Abstract
The complete mitochondrial genome of the Oriental reed warbler, Acrocephalus orientalis, which belongs to the family Sylviidae was determined. The complete mitochondrial genome has a length of 16,971 bp and consists of 13 protein-coding genes, 22 tRNA genes, 2 rRNA genes, and a control region. A. orientalis has a mitochondrial gene arrangement that is typical of vertebrates. Phylogenetic analysis using mitochondrial genomes of 11 related species revealed that A. orientalis is clustered with Acrocephalus scirpaceus and rooted with the other Sylviidae species. This mitochondrial genome provides an important resource for addressing taxonomic issues and studying molecular evolution.

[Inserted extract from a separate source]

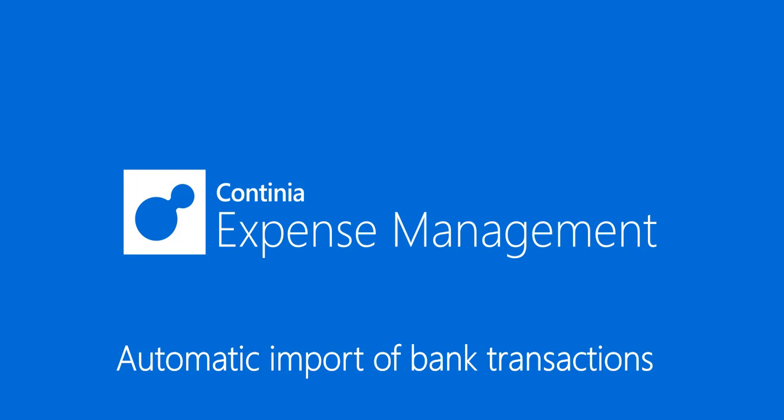Welcome to this Continia video. My name is Lotte Valgaard. I am the Senior Solutions Specialist for Expense Management. In this video I will show you how to import credit card transactions automatically into Continia Expense Management.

The Oriental reed warbler, Acrocephalus orientalis (Passeriformes: Sylviidae), is a relatively large-bodied (18–20 cm in length) migratory bird native to East and Southeast Asia. This species occupies a unique ecological niche resulting from their long-range migration between breeding (China, Korea, and Japan) and winter habitats (Southeast Asia to Philippines and Indonesia). These traits also make them particularly vulnerable to habitat destruction and the effects of climate change. In this study, we determined the complete mitochondrial DNA sequence of A. orientalis and compared the sequence with those of other species of Sylviidae to analyze the phylogenetic relationship between them.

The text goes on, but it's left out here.